ABOUT THIS TASK:
Find the line containing "80's Cassette Tape" in the listing below; reproduce it and every line after, exactly. Skip pictures.

DATA:
━━━━
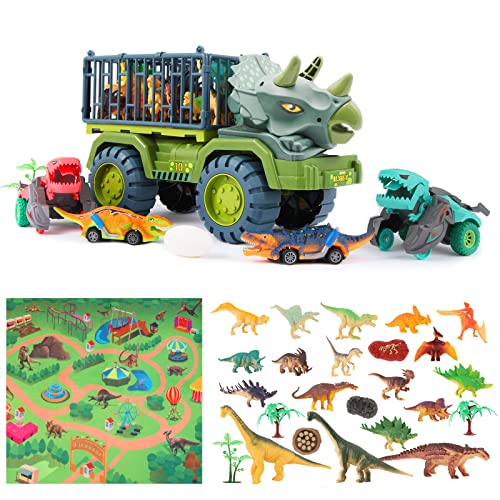 AEECASI Dinosaur Toy Truck for Boys 3-5, Dinosaur Transport Car Carrier with Dinosaur Toys, Pull Back Cars, Transforming Cars, Activity Play Mat, Dinosaur Car Playset Birthday for Kids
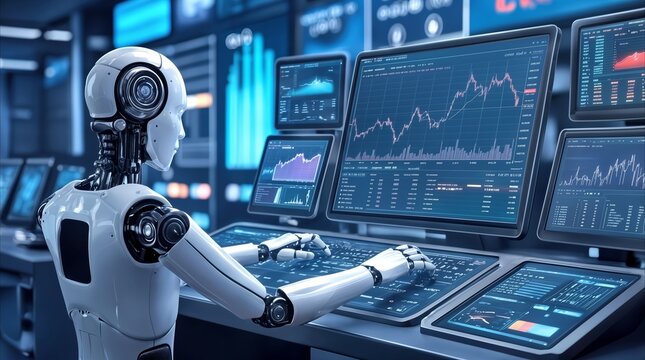 Intelligent machine analyzing stock market trends on multiple monitors. Automated financial trading system using humanoid robot in high-tech office.
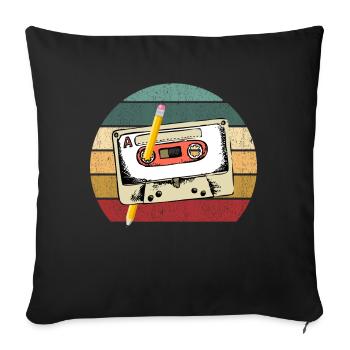 80's Cassette Tape 1990s Pencil Winding Cassette - Sofa pillowcase 17,3'' x 17,3'' (45 x 45 cm) - black - Front
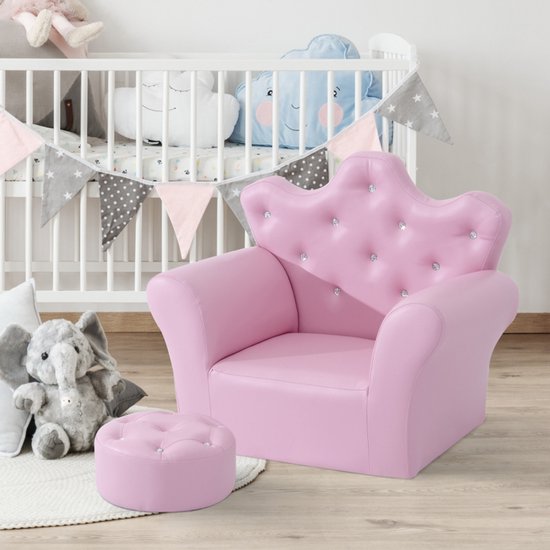 Kinder sofa set met voetenbank Roze PU Leer 58x40,5x49cm Geschikt voor 3-7 jaar Meisjes Kroon Rugleuning 50kg voor Slaapkamer Speelkamer — afbeelding 4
━━━━
SOLUTION FOR THIS PROBLEM:
 80's Cassette Tape 1990s Pencil Winding Cassette - Sofa pillowcase 17,3'' x 17,3'' (45 x 45 cm) - black - Front
 Kinder sofa set met voetenbank Roze PU Leer 58x40,5x49cm Geschikt voor 3-7 jaar Meisjes Kroon Rugleuning 50kg voor Slaapkamer Speelkamer — afbeelding 4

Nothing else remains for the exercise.